This is based on a blog post from March 3, 2009.
I got into a discussion about fertilizing with human manure, and defended the practice, mainly because my grandmother did it.
I searched obsessively for information about the topic.
A few websites mentioned the Edo era in Japan, 1600 to 1863.
During the Edo era, Japan closed off trade with other countries, and lacked access to cheap sources of everything. In some sense, they had a closed, “sustainable” economy. They collected human feces and urine for use as fertilizer. They also collected ash, and mixed it with the feces to assist in the decomposition and balance out the fertilizer. (I guess that’s what my grandmother was doing too.) It was a business, to collect urine, feces and ashes, and produce fertilizer.
This is a picture of what a shit collector carried around.
The Japanese Ministry of the Environment has a good booklet about this Edo era waste management tech.
From page 4 of that booklet.
Pages 1 and 2 of the following pdf file state that this business was profitable and led to sanitary conditions better than in European cities at that time. Urban human waste was purchased from residents, converted to fertilizer, and sold to farmers. In European cities, feces went into the gutter and was never treated to create a benign fertilizer, and this spread disease.
When trade was opened up, cheaper fertilizers hit the market, and the shit peddlers were pauperized, and the city got dirtier. The government intervened to improve fecal collection and recycling, by giving shit peddlers an economic edge. At one time, all areas of Tokyo were served by these recyclers.
This paper doesn’t say it, but, we could reduce our use of water and sewers if we put a high tax on fertilizers and chemicals, to subsidize recyclers, and went back to a system of inspired by early 20th century Tokyo (in 1910, the population of Tokyo was 2.1 million people).

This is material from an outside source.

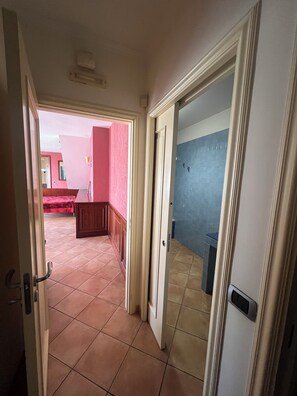 A corridor with tiled flooring leading to a room with a blue tiled wall and a door with a handle.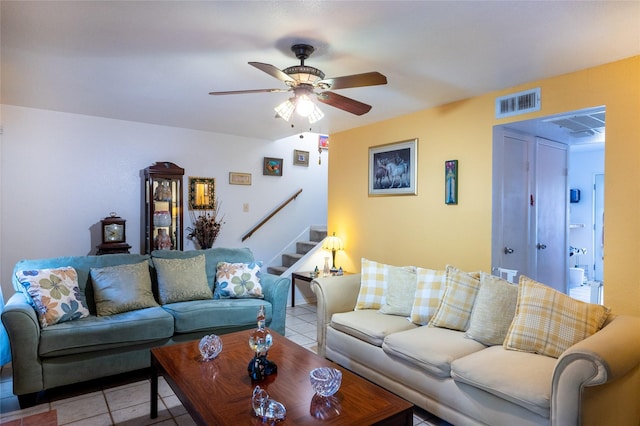 2110 Wilcrest Dr Unit 101, Houston, TX 77042 - living area featuring stairway, light tile patterned floors, and a ceiling fan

Additionally, in the same timeframe of the late 1800s, it appears that English inventors were figuring out how to use human waste as fertilizer. Traditionally, Europeans (and Americans) crapped into deep cesspits, which were then covered over after years of use. The new technologies involved burying waste at shallow depths, where plants could access the nutrients.

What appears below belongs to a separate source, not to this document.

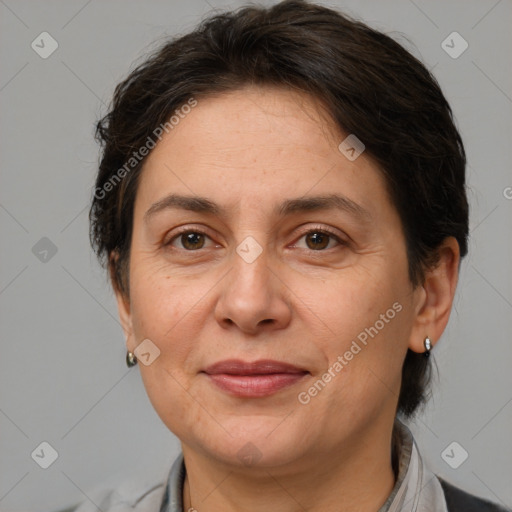 Joyful white adult female with medium  brown hair and brown eyes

(That page appears to have been updated with more good information.)
One of the big negatives about using feces as fertilizer is the risk of disease.
The most mentioned in the news is e. coli, which is present in all feces. According to the NIH, e. coli is present over 120 days after using raw manure as fertilizer.
To reduce the e. coli, composting or aging is recommended. E. coli decreases if the fertilizer is incorporated into the soil (rather than being placed on top of the soil), and the fertilization is done far enough ahead of time.